The missile impact devastated a residential area in Beit Shemesh, a city of roughly 150,000 located about 30 kilometers west of Jerusalem. Photographs from the scene showed at least one house reduced to mangled concrete and twisted iron bars, with rescue personnel sifting through the debris.
Israel's Magen David Adom emergency services confirmed the death toll, saying EMTs and paramedics had pronounced nine people dead at the site. Police said contact had not yet been established with 11 additional people believed to have been in the area at the time of the strike.
Dozens of rescue workers were deployed to the impact zone, with heavy equipment brought in to assist the search for survivors. "Apparently, there are still people underneath," an AFP photographer at the scene reported, as teams continued to dig through the wreckage.
Yehuda Shlomo, an MDA paramedic, described arriving to find "heavy structural damage, smoke in the air, and a great deal of chaos, with dozens of frightened casualties emerging from damaged buildings."

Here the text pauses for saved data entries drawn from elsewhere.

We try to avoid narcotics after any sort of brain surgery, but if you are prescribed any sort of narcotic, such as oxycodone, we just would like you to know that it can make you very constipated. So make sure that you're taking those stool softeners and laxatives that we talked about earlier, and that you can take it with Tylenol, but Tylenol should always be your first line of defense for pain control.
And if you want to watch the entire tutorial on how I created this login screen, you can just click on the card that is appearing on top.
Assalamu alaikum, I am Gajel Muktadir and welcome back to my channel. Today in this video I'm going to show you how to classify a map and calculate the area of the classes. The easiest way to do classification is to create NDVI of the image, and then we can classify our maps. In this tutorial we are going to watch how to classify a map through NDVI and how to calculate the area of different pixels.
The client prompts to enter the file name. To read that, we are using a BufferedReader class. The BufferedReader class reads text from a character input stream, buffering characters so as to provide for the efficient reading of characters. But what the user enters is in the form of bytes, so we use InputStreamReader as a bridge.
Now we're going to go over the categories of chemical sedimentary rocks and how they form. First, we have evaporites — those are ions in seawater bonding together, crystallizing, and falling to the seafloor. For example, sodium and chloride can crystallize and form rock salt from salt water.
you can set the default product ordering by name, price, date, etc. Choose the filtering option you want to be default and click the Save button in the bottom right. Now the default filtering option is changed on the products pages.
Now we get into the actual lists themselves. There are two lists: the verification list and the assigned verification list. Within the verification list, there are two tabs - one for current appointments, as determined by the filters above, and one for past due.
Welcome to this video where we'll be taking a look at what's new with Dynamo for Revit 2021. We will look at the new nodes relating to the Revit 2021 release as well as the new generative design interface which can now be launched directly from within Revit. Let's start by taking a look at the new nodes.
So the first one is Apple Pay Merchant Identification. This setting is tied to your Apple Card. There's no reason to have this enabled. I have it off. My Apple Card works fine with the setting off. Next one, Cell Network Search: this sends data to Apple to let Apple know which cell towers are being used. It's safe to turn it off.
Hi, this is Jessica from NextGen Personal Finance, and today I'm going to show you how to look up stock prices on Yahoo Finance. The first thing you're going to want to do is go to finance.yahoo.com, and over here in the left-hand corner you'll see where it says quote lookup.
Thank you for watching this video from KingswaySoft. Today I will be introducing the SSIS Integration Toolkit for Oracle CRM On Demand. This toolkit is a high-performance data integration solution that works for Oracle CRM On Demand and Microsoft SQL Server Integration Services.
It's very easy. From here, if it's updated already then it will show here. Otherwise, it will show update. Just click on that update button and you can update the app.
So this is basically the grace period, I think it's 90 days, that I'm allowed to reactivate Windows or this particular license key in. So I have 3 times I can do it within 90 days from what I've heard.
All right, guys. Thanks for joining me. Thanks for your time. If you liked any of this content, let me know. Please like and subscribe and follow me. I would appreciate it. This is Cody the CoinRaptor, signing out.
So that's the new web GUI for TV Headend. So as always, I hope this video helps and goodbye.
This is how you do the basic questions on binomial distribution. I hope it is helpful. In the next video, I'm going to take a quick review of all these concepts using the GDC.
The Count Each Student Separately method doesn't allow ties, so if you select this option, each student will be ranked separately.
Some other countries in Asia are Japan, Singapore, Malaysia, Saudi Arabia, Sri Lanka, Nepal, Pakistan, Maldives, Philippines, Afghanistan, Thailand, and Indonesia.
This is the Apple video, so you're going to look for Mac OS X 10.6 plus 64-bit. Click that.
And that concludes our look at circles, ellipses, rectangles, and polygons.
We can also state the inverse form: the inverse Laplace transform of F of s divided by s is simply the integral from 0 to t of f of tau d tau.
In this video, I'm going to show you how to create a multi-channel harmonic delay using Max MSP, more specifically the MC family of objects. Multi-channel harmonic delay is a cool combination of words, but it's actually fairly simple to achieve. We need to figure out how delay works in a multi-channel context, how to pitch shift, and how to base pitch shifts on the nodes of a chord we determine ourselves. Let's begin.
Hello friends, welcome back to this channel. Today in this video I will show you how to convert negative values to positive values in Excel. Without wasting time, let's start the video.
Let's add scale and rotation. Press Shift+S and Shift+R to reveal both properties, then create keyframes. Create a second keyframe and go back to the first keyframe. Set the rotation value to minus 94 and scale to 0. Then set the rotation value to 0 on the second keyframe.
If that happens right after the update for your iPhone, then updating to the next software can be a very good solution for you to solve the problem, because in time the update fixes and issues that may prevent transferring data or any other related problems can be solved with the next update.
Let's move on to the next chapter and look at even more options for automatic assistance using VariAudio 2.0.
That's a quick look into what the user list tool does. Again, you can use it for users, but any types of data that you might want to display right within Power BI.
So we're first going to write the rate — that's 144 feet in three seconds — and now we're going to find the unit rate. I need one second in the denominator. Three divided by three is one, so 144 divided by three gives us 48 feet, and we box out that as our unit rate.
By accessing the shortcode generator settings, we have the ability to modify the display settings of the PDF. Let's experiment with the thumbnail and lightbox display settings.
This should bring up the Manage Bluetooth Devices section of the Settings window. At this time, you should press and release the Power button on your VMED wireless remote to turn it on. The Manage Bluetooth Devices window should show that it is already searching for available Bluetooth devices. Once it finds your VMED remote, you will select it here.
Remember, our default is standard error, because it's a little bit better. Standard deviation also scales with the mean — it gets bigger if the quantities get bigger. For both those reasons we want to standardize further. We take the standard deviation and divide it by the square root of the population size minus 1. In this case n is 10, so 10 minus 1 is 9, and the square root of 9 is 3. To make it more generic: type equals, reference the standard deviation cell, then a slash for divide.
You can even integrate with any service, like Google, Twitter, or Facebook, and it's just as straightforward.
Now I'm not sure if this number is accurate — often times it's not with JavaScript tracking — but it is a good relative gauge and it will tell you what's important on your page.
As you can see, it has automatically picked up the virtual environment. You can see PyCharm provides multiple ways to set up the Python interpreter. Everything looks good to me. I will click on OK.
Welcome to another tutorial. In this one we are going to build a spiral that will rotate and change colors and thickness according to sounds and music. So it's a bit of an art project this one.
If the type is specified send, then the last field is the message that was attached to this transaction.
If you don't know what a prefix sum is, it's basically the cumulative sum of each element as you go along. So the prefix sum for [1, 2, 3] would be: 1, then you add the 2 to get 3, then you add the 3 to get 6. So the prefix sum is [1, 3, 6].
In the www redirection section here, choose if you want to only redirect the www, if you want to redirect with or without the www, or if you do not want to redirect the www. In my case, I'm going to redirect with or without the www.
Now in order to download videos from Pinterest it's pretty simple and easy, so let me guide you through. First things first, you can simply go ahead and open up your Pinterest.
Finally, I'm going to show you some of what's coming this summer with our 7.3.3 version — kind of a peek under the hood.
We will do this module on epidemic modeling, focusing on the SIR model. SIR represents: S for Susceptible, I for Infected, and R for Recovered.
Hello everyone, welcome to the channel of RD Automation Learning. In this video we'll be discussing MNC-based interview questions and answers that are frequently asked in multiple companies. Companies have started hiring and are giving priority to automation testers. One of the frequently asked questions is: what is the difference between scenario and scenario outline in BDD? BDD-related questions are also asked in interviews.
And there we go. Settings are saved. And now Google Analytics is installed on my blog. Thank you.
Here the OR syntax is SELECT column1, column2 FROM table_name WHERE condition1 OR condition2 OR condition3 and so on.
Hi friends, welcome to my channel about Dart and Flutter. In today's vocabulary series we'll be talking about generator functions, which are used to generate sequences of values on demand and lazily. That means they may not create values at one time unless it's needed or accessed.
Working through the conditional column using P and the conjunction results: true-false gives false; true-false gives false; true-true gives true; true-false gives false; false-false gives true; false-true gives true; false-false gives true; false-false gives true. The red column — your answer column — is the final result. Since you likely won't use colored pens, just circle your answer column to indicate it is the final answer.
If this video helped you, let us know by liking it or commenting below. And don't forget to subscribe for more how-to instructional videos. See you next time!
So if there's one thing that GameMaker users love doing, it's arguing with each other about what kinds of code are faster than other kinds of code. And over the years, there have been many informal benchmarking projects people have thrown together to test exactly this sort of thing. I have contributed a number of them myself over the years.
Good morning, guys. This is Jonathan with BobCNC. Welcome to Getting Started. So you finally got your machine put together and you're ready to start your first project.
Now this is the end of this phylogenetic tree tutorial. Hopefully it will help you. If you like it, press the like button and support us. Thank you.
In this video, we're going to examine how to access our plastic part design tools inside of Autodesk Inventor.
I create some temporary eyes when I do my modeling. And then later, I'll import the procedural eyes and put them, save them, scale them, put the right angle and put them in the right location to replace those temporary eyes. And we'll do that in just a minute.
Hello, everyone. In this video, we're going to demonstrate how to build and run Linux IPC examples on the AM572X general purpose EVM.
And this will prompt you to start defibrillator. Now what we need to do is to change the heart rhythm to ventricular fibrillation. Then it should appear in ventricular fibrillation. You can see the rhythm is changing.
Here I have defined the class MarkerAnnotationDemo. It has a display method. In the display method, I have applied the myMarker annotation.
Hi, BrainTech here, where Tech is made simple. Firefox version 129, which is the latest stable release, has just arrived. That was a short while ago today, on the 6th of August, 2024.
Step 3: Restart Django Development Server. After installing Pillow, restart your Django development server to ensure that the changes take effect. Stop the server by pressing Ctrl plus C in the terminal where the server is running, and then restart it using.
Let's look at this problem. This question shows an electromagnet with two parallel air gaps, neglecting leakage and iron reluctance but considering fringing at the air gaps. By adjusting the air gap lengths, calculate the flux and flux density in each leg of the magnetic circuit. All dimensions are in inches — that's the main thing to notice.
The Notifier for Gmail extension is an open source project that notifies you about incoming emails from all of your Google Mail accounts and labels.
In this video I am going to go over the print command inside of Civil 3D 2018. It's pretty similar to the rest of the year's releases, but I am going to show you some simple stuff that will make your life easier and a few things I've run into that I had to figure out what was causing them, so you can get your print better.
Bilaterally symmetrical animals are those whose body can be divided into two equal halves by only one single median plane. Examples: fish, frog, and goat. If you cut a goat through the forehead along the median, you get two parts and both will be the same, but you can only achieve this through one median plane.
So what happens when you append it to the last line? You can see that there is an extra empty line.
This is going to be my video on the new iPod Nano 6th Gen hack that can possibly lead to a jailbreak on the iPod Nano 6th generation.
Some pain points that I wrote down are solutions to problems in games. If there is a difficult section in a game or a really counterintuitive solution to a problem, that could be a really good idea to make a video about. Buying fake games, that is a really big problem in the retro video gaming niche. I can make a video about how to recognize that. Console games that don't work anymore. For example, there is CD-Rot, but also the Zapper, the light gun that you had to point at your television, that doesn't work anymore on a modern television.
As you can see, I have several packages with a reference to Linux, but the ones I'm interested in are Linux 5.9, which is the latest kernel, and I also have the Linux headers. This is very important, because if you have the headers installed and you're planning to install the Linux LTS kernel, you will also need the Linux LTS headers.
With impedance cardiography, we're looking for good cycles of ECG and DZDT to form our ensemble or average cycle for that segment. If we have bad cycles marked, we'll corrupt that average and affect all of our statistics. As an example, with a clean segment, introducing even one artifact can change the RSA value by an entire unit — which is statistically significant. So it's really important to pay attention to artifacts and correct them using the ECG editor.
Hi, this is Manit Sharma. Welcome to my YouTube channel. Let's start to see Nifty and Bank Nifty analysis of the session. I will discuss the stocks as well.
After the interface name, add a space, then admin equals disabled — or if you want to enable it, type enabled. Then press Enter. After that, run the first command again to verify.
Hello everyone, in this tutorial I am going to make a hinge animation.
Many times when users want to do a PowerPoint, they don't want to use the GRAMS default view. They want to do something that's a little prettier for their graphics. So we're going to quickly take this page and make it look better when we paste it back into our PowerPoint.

The strike came as part of a rapid Iranian retaliation after the United States and Israel launched a wave of joint strikes against Iran on Saturday that killed Supreme Leader Ali Khamenei. Tehran's response continued into Sunday, with the Beit Shemesh attack representing the most lethal single strike of the escalating exchange.
The killing of Khamenei, who had served as Iran's supreme leader since 1989, marked a dramatic escalation in the broader conflict and appears to have triggered an immediate military response from Tehran.
Sunday's attack carries echoes of the 12-day war between Israel and Iran last June, during which nine people were killed in an Iranian missile strike on Bat Yam, a city near Tel Aviv. The Beit Shemesh toll has already matched that figure, with the number expected to rise as rescue crews continue to search for the missing.
Police said search operations remained ongoing and urged residents to follow civil defense instructions as the security situation continued to develop.